Comienza el juicio contra un presunto violador que se cosió la boca y un ojo

Un hombre será juzgado a partir del 1 de septiembre próximo acusado de violar a cuatro menores de entre 12 y 16 años y matar a golpes a uno de ellos, hecho que tuvo lugar en la localidad bonaerense de La Matanza en 2005.
El juicio será contra Cristian Prato, de 31 años, a quien se lo acusa de abuso sexual con acceso carnal, homicidio agravado y corrupción de menores, y que hasta el momento viene realizando varias huelgas de hambre, e incluso llegó a coserse la boca y un ojo en forma de protesta por su detención, en el penal Nº 43 de González Catán, donde está actualmente alojado.
El hecho habría sucedido a mediados de 2005, en una vivienda de la localidad de Villa Celina, en La Matanza, donde el acusado compartía su vivienda con otros menores, entre ellos su sobrino e hijos de vecinos.
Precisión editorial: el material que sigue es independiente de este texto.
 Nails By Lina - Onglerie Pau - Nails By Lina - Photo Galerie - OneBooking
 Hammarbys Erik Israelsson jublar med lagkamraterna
Todo surgió luego de que el acusado -según la denuncia- violase a los menores, tres nenes y una nena, en reiteradas oportunidades en el interior de la casa, y un día tras discutir con uno de ellos, lo llevó a la habitación y le dio tantos golpes, también utilizando una maza, que lo dejó sin vida.
Según los investigadores, los otros menores escuchaban de una habitación lindante los pedidos de auxilio del chico de 12 años previo a su muerte, y luego el acusado los obligó a guardar el cuerpo sin vida en una bolsa de consorcio y arrojarlo en un baldío.
Incluso, tras cometer el asesinato, el acusado habría amenazado de muerte a los otros tres menores para que no denunciaran el hecho.
Pero el cuerpo de la víctima fue encontrado en un baldío con restos de arcilla, con lo cual la Policía allanó una carpintería donde trabajaba el acusado.
El hombre siguió amenazando a los otros menores pero esta vez para que se autoincriminaran en el hecho, razón por la cual durante la primera etapa de la investigación los nenes estuvieron bajo sospecha.
Pero al poco tiempo y frente a una jueza de Menores, los chicos se quebraron y relataron que habían sido víctima de abuso por parte del acusado, lo que fue constatado por pericias médicas.
El juicio en donde el acusado podría ser condenado a cadena perpetua, se llevará a cabo en el Complejo de la Policía Científica denominado Puente 12, bajo rigurosas medidas de seguridad.
Es que sumado a que el acusado tiene antecedentes de reaccionar violentamente, también se comprobó que tiene una "personalidad psicopática".
Además, se tuvo en cuenta que los menores que fueron víctimas de los hechos deberán prestar declaración testimonial en el juicio, y allí se debe resguardar sus identidades.
El Tribunal Oral Criminal Nº 5 (TOC5) de La Matanza, integrado por los jueces Gabriela Hirsuto, Matías Deane y Javier González, será quien tendrá a cargo la realización del juicio.